▸ PROVIDED ENTRIES:
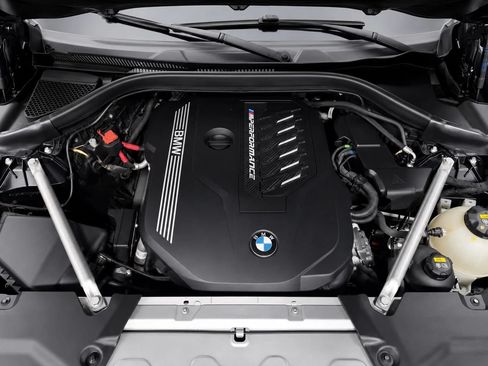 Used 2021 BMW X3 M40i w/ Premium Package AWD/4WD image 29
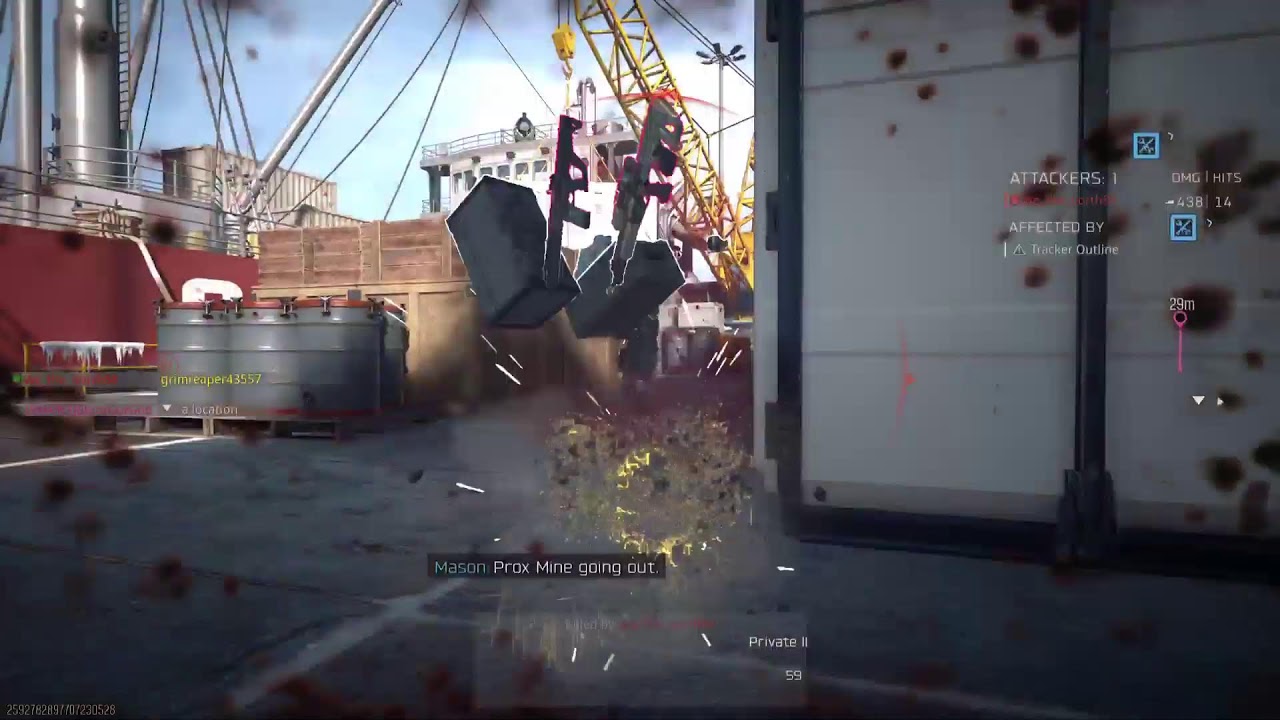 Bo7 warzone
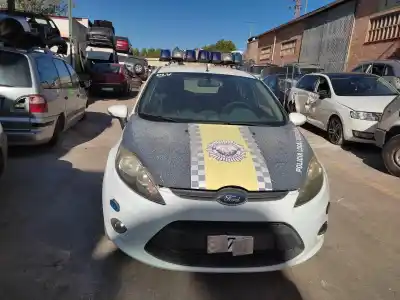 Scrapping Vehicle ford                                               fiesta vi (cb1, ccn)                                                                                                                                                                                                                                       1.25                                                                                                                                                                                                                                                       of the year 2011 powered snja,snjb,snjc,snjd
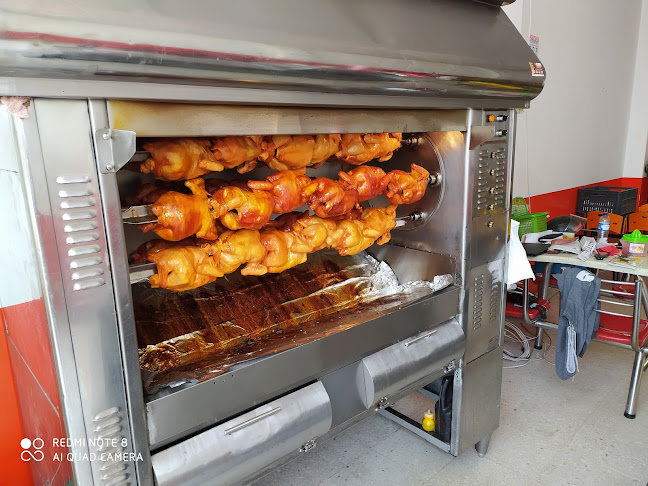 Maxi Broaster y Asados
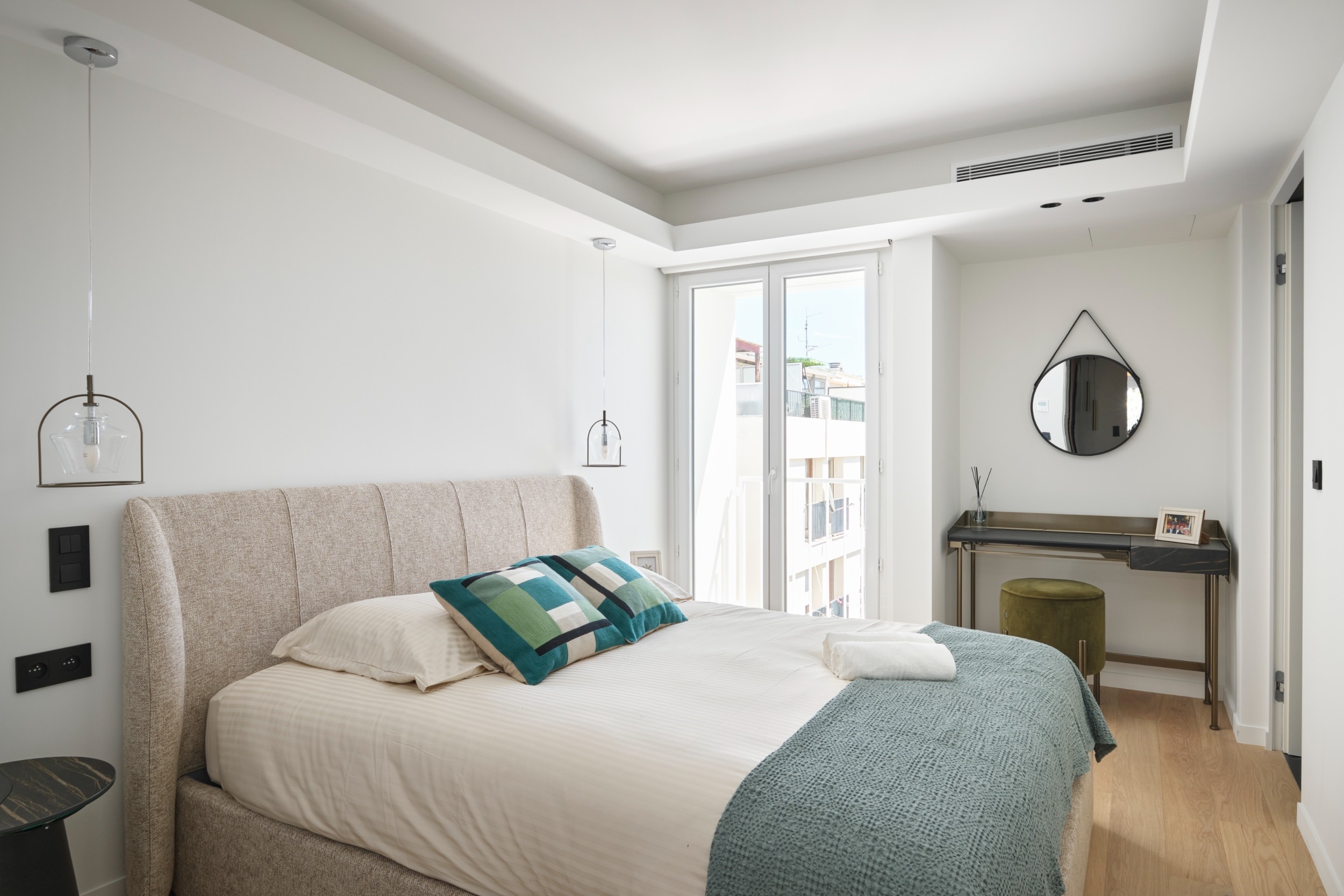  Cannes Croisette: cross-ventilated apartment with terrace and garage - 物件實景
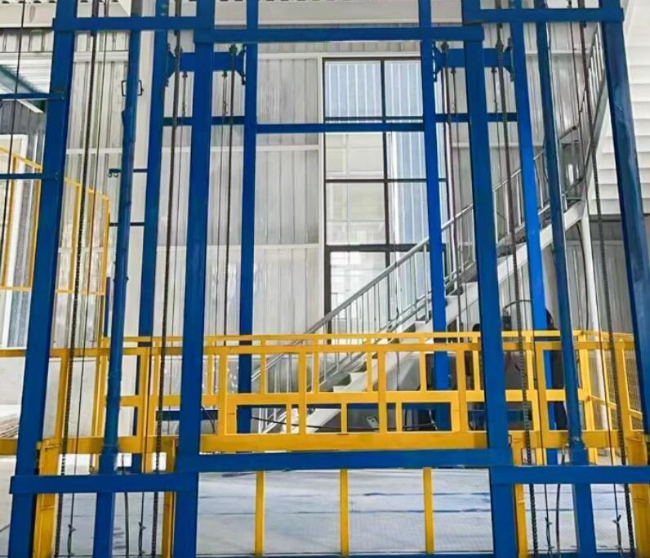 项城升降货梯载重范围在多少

▸ WORK ORDER:
Leave the pictures out and output exactly the lines above, from the start of the listing through the line with "Maxi Broaster y Asados".

▸ SOLUTION FOR THIS EXERCISE:
 Used 2021 BMW X3 M40i w/ Premium Package AWD/4WD image 29
 Bo7 warzone
 Scrapping Vehicle ford                                               fiesta vi (cb1, ccn)                                                                                                                                                                                                                                       1.25                                                                                                                                                                                                                                                       of the year 2011 powered snja,snjb,snjc,snjd
 Maxi Broaster y Asados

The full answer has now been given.